Edendale — Early Film Center
Preceded Hollywood

 

From the Echo Park Historical Society

Years before Hollywood became synonymous with the commercial film industry, Edendale was the center of filmmaking on the West Coast. This film center was located southeast of Hollywood and north of Echo Park, the famous Southern California park surrounding a scenic little lake. Angelus Temple, later built in the 1920s, was close to the park, and evangelist Aimee Semple McPherson preached in the temple.

A film trade publication, Motography, of July 1911, described the  area this way:  “Edendale…is the motion picture center of the Pacific Coast. With clear air and sunshine three hundred days out of the year, conditions are ideal for perfect picture making. The scenic advantages of the location, too, are unique. From [Edendale] can be seen the Pacific Ocean, twenty-two miles to the west, and the broad panorama of Southern California, with its fruit and stock ranches, its snowcapped mountains and its tropical vegetation, to the east, north and south. Within a short distance of Edendale may be found every known variety of national scenery, seemingly arranged by a master producer expressly for the motion picture camera.”

In the 1910s, several film studios were operating in Edendale and were located on the street that was later renamed Glendale Boulevard, north of Sunset Boulevard. These studios included the Selig Polyscope Company, the Mack Sennett Studios, the Pathé West Coast Film Studio and others.

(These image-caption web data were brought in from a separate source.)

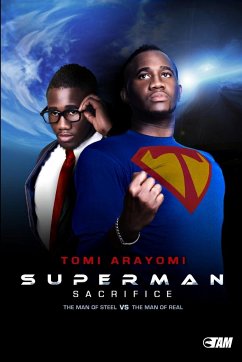 Supermans Sacrifice - Arayomi, Tomi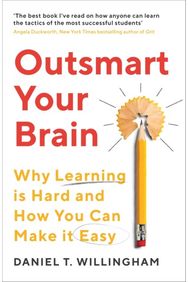 Outsmart Your Brain: Why Learning is Hard and How You Can Make It Easy Why Learning is Hard and How You Can Make It Easy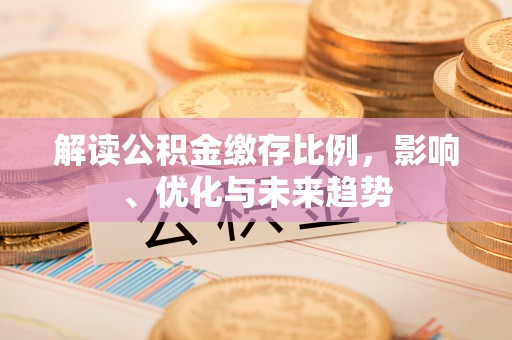 西螺解读公积金缴存比例，影响、优化与未来趋势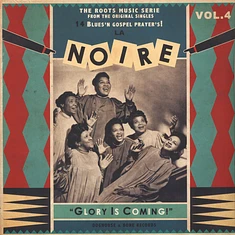 V.A. - La Noire Volume 4 - The Glory Is Coming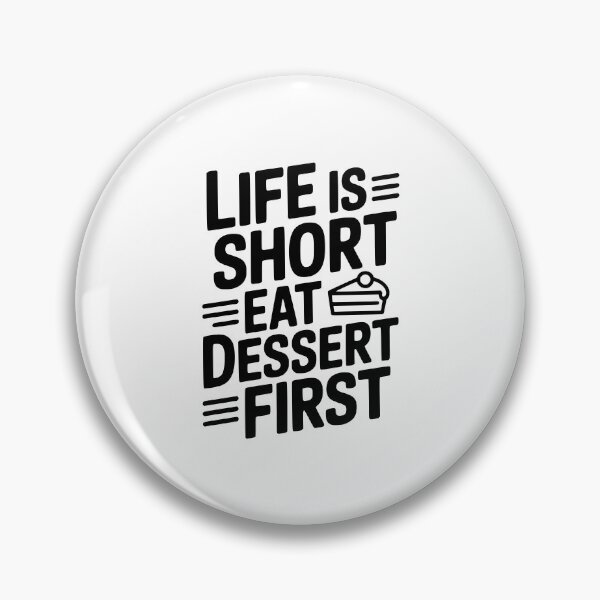 Item preview, Life Is Short Eat Dessert First designed and sold by Frank Ring.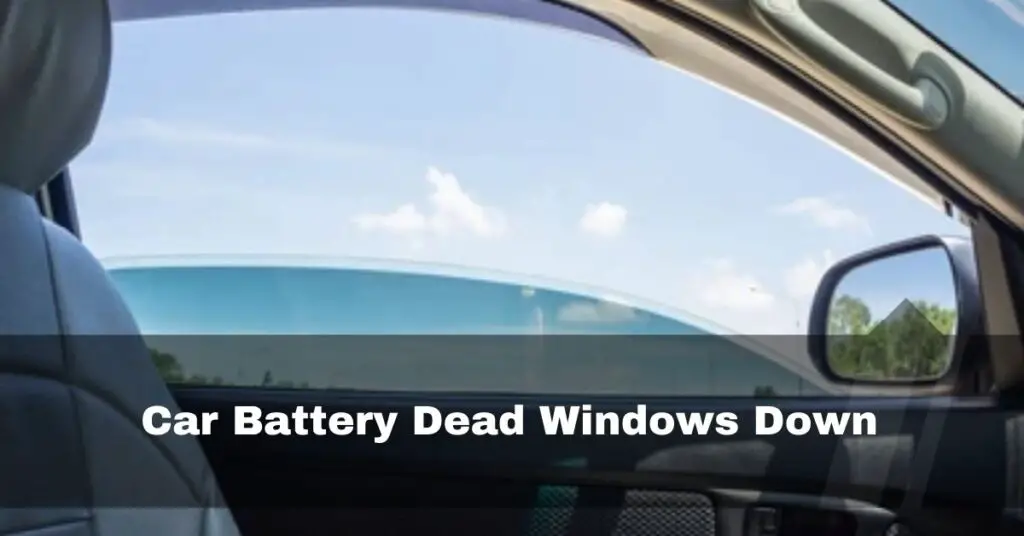 Car Battery Dead Windows Down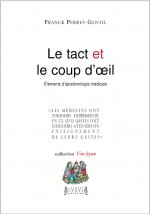 Le tact et le coup d'oeil - éléments d'épistémologie de la médecine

Several silent-film stars worked in the Edendale studios, including Charlie Chaplin, Harold Lloyd, Theda Bara, Tom Mix, Mabel Normand, Fatty Arbuckle, Marie Dressler and Bebe Daniels. Filmed at Mack Sennett Studios were the first film starring Charlie Chaplin, the first feature-length comedy — starring Charlie Chaplin and Mabel Normand — and the Keystone Cops comedies. Hal Roach’s early comedies starring Harold Lloyd were also filmed at a studio in Edendale.

The pie toss became a standard routine in slapstick movie comedies. The first pie-in-the-face scene was filmed in 1913 when Mabel Normand tossed a pie at Fatty Arbuckle in the movie A Noise from the Deep, at what later became the Mack Sennett Studios on Glendale Boulevard near Effie Street.

The complex dates back to 1909 and includes one of the area’s first permanent sound stages or filmmaking factories. The complex is now part of a storage facility. The former studio at 1712 Glendale Boulevard is a historic-cultural monument.

Filming continued in local studios through the 1930s, when most of the industry had moved to Hollywood and beyond.

Today the post office and library retain the name of Edendale, but the area has not been a film center for many years.